THE PROBLEM →
Count the lines below that contain "Brown". Answer with the number alone.

- Opening Delimiter -

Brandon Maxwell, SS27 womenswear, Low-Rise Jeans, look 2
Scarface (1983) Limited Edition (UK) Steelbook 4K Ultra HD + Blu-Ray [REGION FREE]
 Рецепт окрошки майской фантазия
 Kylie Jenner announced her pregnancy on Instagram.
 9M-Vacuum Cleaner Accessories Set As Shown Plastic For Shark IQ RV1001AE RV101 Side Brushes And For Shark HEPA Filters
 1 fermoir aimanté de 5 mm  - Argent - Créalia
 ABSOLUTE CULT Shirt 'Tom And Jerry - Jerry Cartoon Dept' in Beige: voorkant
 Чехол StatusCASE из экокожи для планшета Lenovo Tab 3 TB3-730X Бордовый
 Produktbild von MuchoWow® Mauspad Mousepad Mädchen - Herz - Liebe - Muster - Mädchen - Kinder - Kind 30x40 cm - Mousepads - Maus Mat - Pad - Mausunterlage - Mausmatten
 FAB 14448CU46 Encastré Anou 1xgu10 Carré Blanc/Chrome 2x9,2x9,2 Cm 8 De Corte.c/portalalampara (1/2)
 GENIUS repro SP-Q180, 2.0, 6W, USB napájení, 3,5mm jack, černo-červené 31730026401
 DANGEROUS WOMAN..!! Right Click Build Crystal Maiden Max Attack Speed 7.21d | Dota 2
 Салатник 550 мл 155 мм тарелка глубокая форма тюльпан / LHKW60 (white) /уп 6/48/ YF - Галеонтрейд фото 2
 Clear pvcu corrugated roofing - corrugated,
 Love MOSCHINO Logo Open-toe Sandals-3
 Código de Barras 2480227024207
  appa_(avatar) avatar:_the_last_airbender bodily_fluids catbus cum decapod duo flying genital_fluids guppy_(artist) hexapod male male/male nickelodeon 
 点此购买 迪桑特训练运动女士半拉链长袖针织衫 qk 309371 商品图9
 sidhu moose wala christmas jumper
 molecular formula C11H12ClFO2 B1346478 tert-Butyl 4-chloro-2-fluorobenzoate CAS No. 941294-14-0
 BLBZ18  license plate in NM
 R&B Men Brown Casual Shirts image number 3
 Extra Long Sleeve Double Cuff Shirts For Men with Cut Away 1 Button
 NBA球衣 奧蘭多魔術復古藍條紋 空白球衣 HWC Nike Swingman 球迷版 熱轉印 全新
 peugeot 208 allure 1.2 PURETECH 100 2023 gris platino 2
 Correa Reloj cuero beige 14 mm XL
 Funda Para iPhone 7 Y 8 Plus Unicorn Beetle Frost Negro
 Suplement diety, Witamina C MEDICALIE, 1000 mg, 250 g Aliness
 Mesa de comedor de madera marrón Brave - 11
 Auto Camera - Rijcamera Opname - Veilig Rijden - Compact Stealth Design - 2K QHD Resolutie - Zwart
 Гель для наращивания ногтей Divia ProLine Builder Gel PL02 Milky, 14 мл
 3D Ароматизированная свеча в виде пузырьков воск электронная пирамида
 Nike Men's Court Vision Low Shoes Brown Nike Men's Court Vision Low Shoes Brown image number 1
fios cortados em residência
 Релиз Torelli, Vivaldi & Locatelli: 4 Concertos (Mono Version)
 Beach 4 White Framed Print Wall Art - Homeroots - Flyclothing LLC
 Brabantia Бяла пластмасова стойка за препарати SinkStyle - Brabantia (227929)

- Closing Delimiter -

REPLY →
2